Records supplied:
● ● ● ● ● ● ●
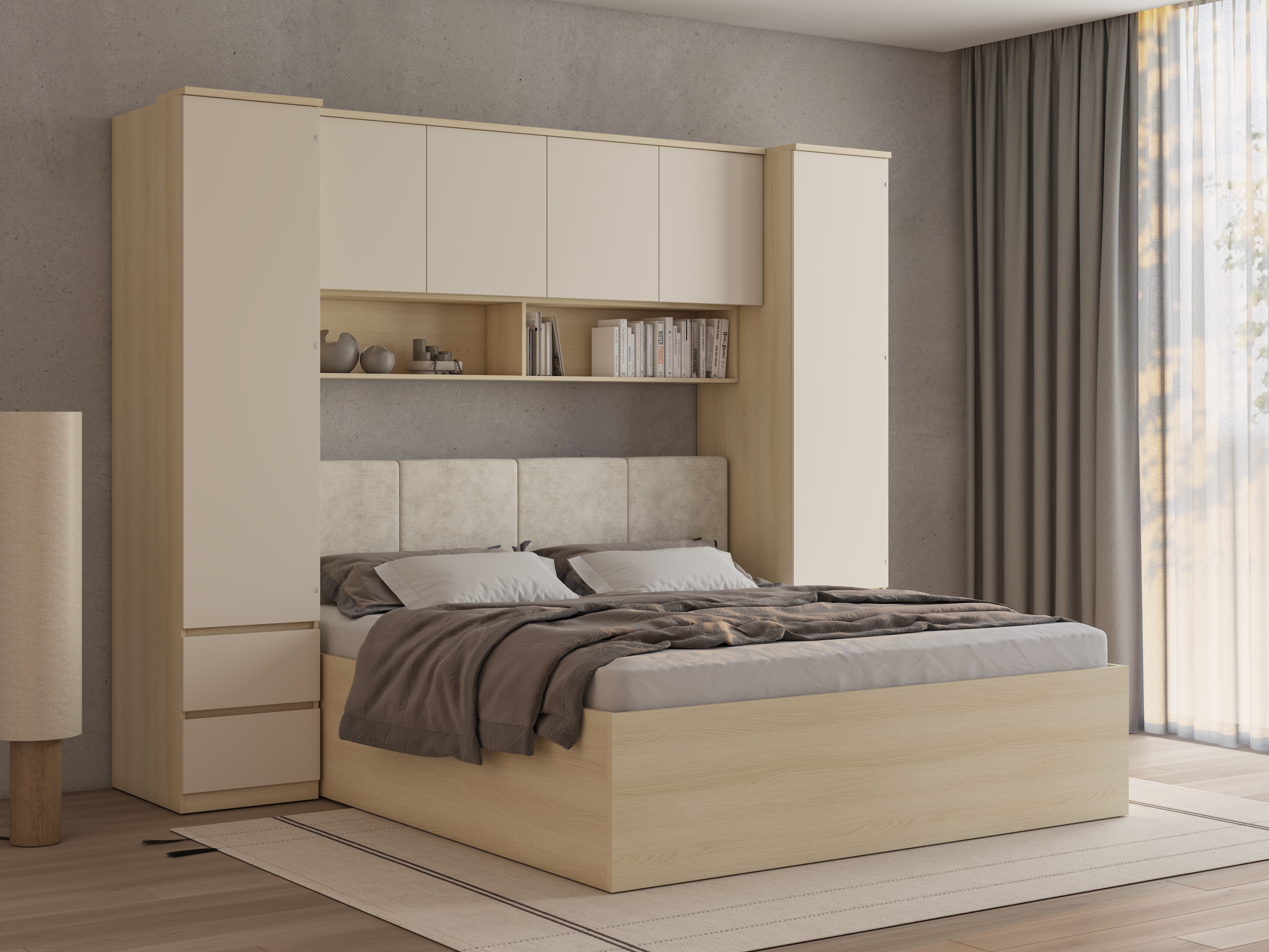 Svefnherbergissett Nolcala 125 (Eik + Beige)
● ● ● ● ● ● ●
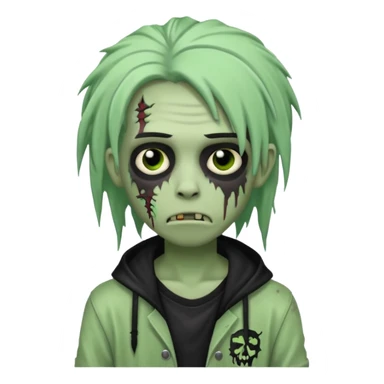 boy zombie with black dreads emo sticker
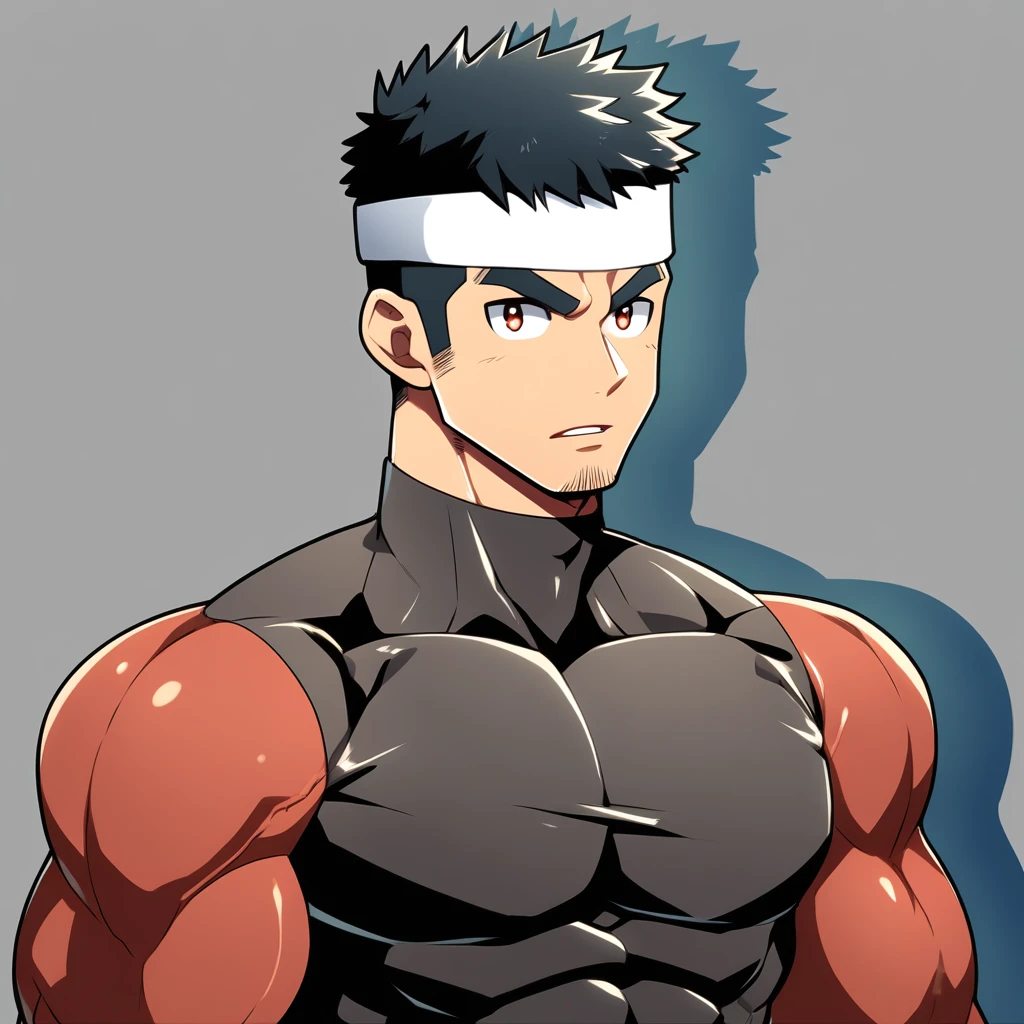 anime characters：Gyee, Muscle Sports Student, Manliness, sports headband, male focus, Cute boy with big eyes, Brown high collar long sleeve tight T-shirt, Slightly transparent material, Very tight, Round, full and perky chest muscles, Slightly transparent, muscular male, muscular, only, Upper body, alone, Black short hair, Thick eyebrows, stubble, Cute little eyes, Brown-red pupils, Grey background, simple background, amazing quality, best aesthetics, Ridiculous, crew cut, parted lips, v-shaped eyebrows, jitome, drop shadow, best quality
● ● ● ● ● ● ●
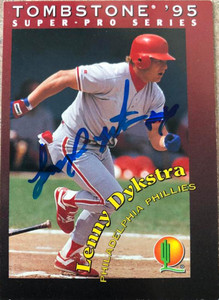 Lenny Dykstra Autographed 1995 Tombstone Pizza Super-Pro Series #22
● ● ● ● ● ● ●
Would you please repeat only the lines above, beginning at the one that has "boy zombie with black dreads emo sticker" and stopping after the one that has "anime characters：Gyee, Muscle", exactly and with no pictures?

 boy zombie with black dreads emo sticker
 anime characters：Gyee, Muscle Sports Student, Manliness, sports headband, male focus, Cute boy with big eyes, Brown high collar long sleeve tight T-shirt, Slightly transparent material, Very tight, Round, full and perky chest muscles, Slightly transparent, muscular male, muscular, only, Upper body, alone, Black short hair, Thick eyebrows, stubble, Cute little eyes, Brown-red pupils, Grey background, simple background, amazing quality, best aesthetics, Ridiculous, crew cut, parted lips, v-shaped eyebrows, jitome, drop shadow, best quality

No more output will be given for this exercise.